* [TASK STATEMENT]: Without any pictures, copy the records below once more, exactly as they are.

* [RECORDS FOR THIS TASK]:
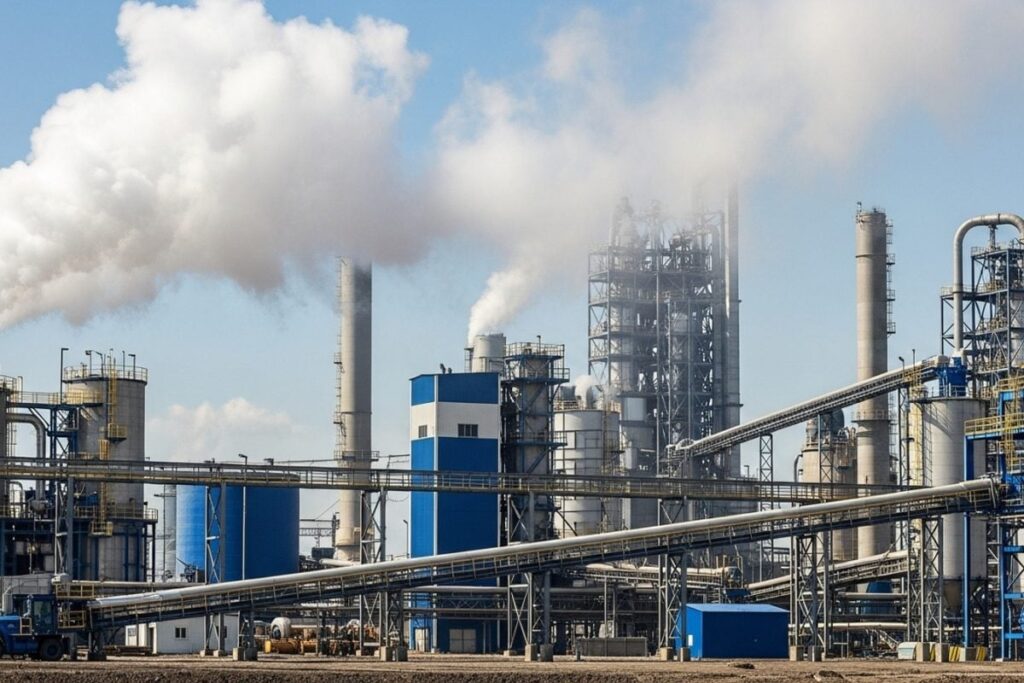 India’s Urea Plants Pushed To Half Capacity Amid LNG Disruptions At Strait Of Hormuz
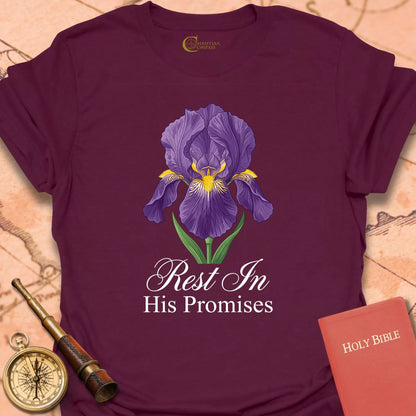 Rest in His Promises T-Shirt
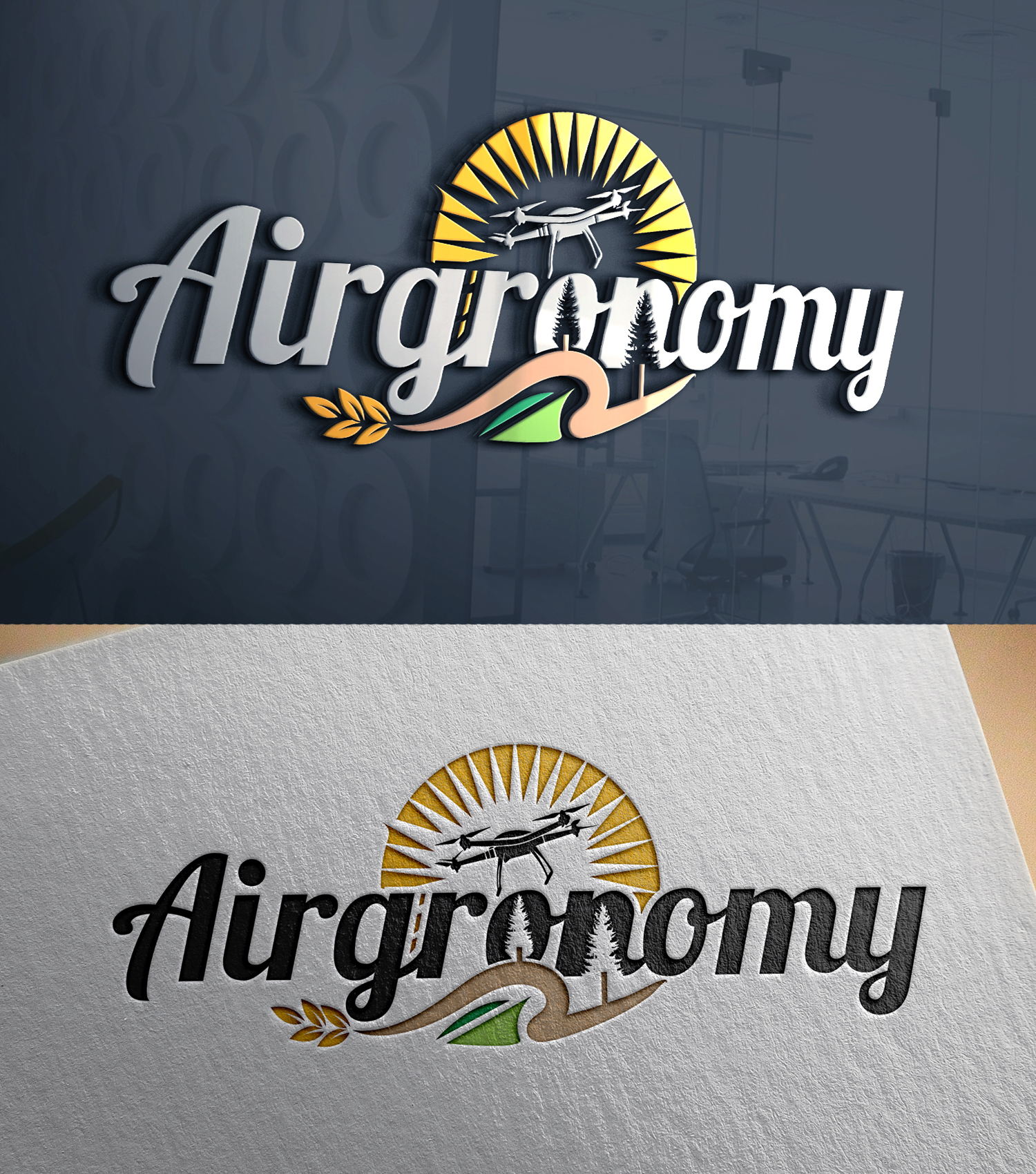 Logo Design by 24ksunny for Acre Nexus LLC | Design #34494530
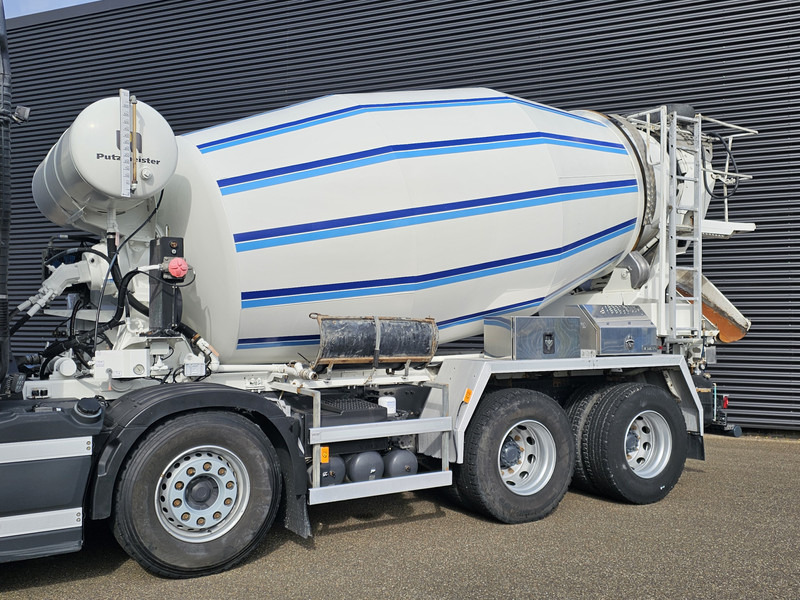 Volvo FH 540 8x4 / BOOGIE LIFT / 10m3 PUTZMEISTER - CONCRETE-MIXER / BETON-MISCHER - Betonbil: billede 2 Volvo FH 540 8x4 / BOOGIE LIFT / 10m3 PUTZMEISTER - CONCRETE-MIXER / BETON-MISCHER - Betonbil: billede 2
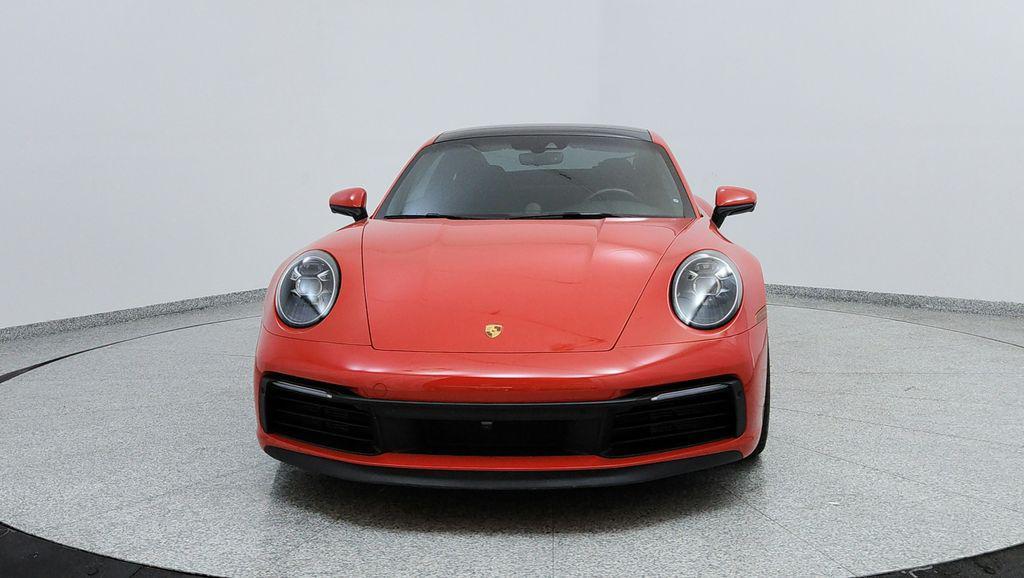 used 2021 Porsche 911 car, priced at $139,991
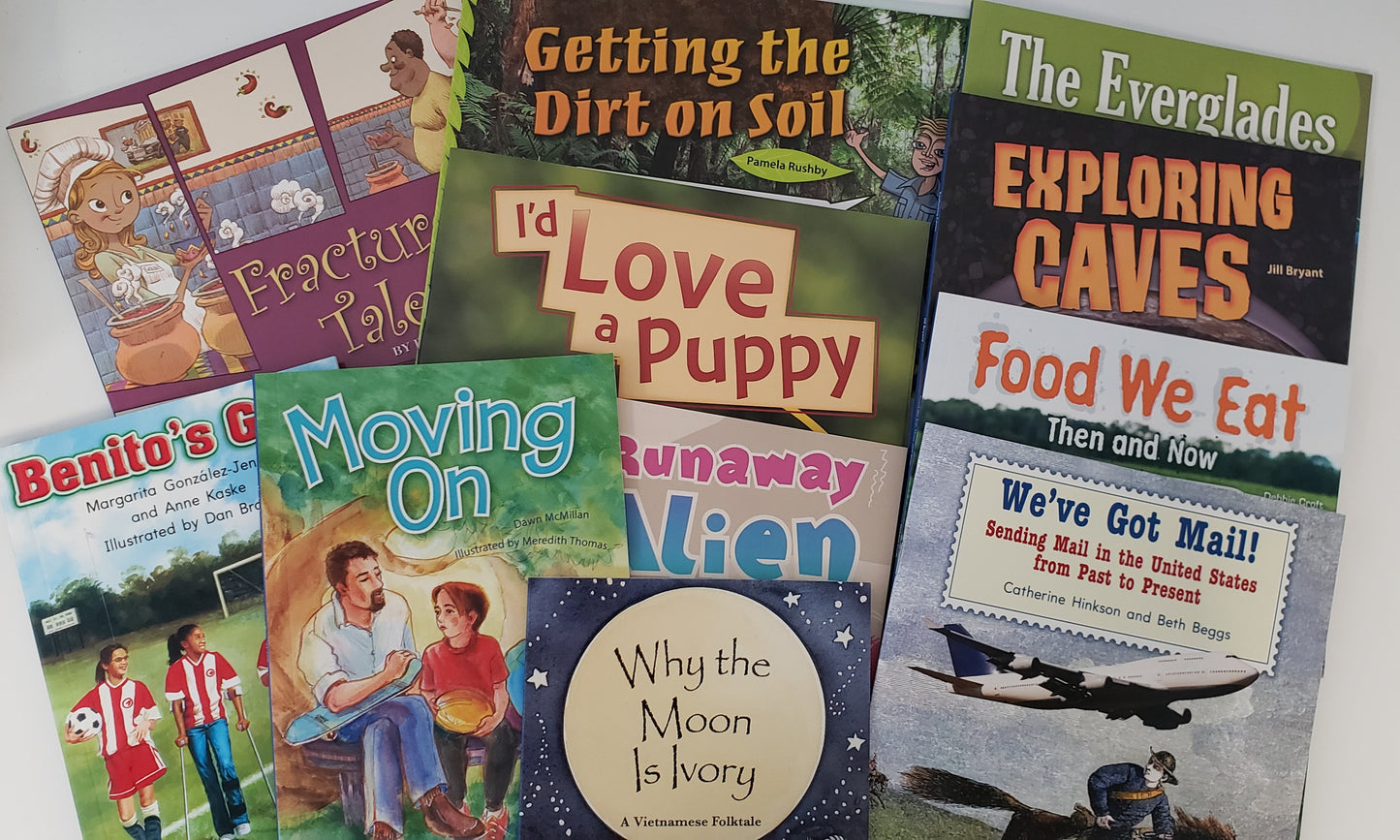 Rigby Leveled Reader Set Level Q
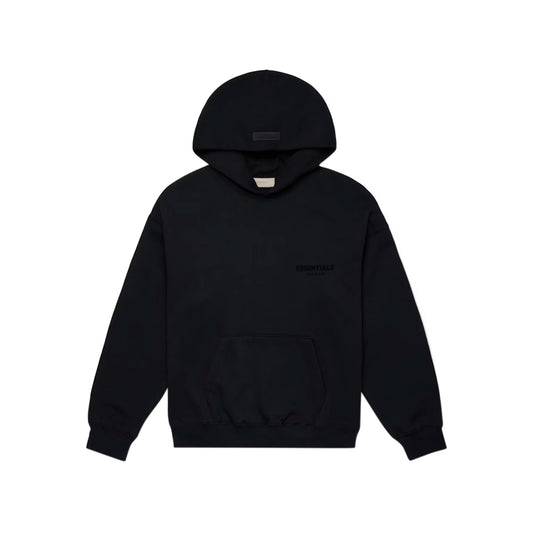 Essentials hoodie stretch limo/black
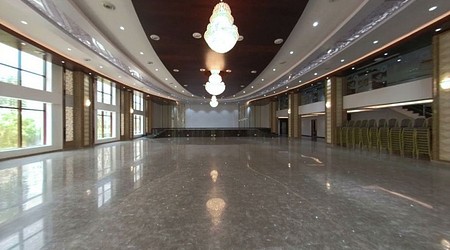 Seating Area of Manvi Convention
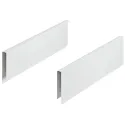 Paaukštinimai stalčiui Matrix Box P Plus metaliniai L500mm, balta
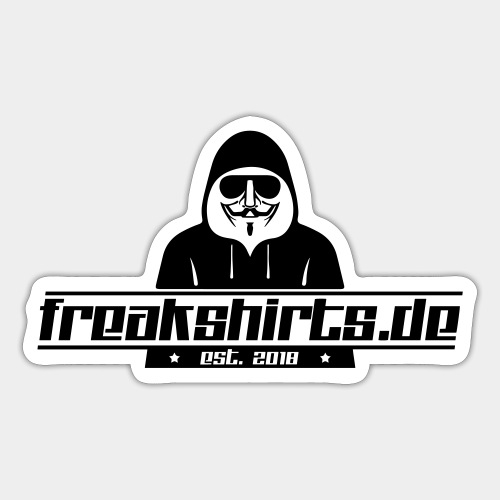 FREAKSHIRTS.de (Logo) - Sticker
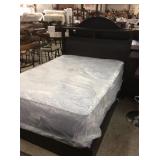 Ashley Queen Size Black Bed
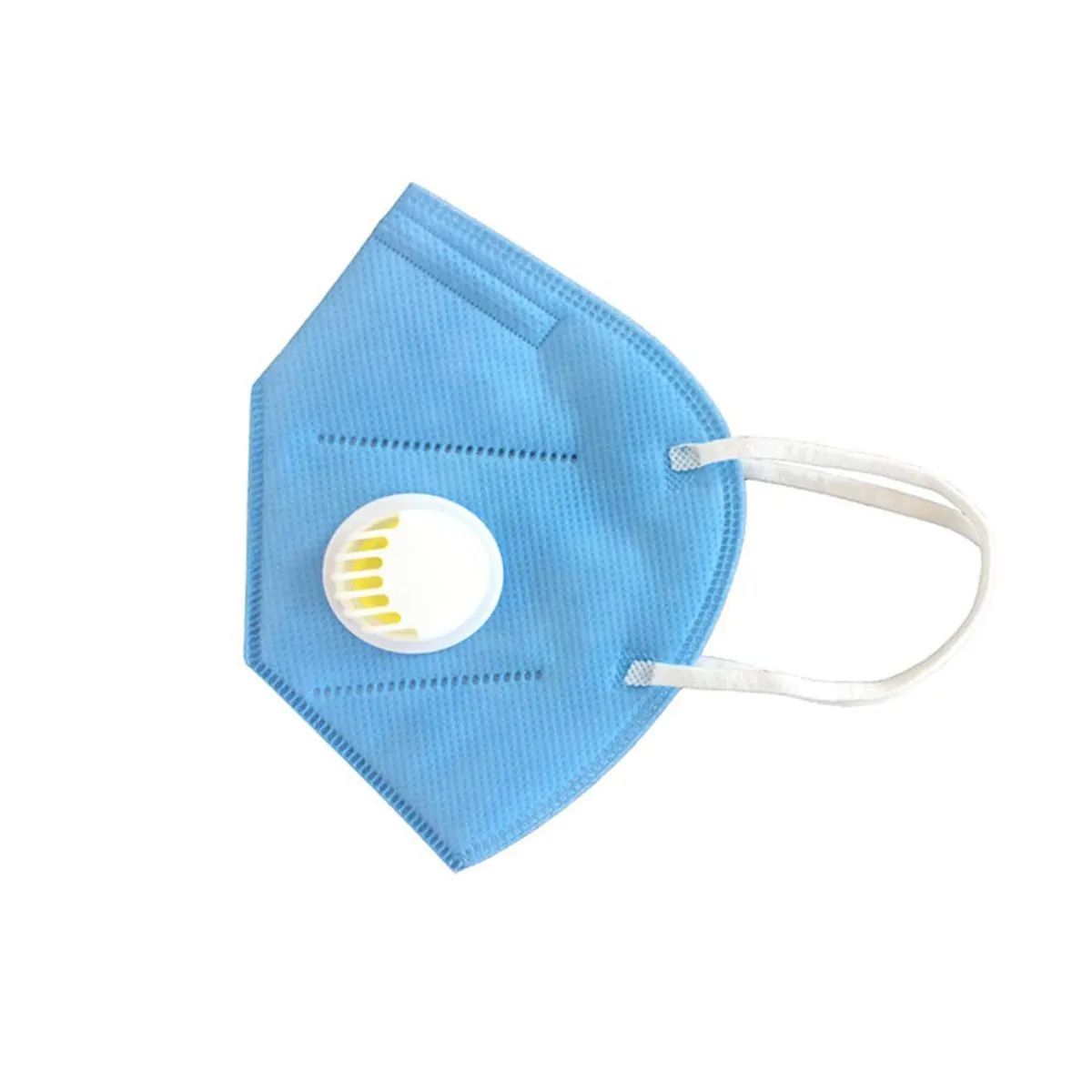 Fabula Pack of 1 Anti-Pollution Reusable 5 Layer Mask - Blue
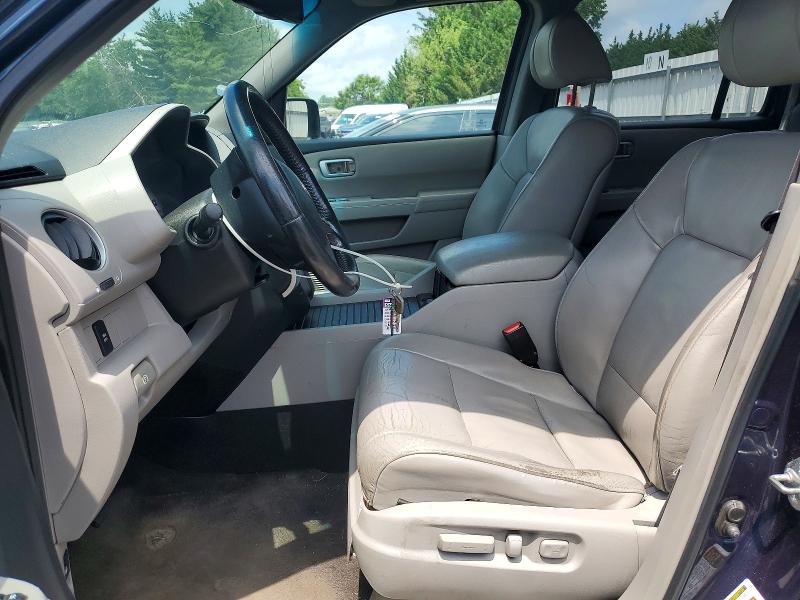 Продажа на аукционе авто 2011 Honda Pilot, vin: 5FNYF4H55BB052429, номер лота: 56642196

* [SOLVED EXERCISE]:
 India’s Urea Plants Pushed To Half Capacity Amid LNG Disruptions At Strait Of Hormuz
 Rest in His Promises T-Shirt
 Logo Design by 24ksunny for Acre Nexus LLC | Design #34494530
 Volvo FH 540 8x4 / BOOGIE LIFT / 10m3 PUTZMEISTER - CONCRETE-MIXER / BETON-MISCHER - Betonbil: billede 2 Volvo FH 540 8x4 / BOOGIE LIFT / 10m3 PUTZMEISTER - CONCRETE-MIXER / BETON-MISCHER - Betonbil: billede 2
 used 2021 Porsche 911 car, priced at $139,991
 Rigby Leveled Reader Set Level Q
 Essentials hoodie stretch limo/black
 Seating Area of Manvi Convention
 Paaukštinimai stalčiui Matrix Box P Plus metaliniai L500mm, balta
 FREAKSHIRTS.de (Logo) - Sticker
 Ashley Queen Size Black Bed
 Fabula Pack of 1 Anti-Pollution Reusable 5 Layer Mask - Blue
 Продажа на аукционе авто 2011 Honda Pilot, vin: 5FNYF4H55BB052429, номер лота: 56642196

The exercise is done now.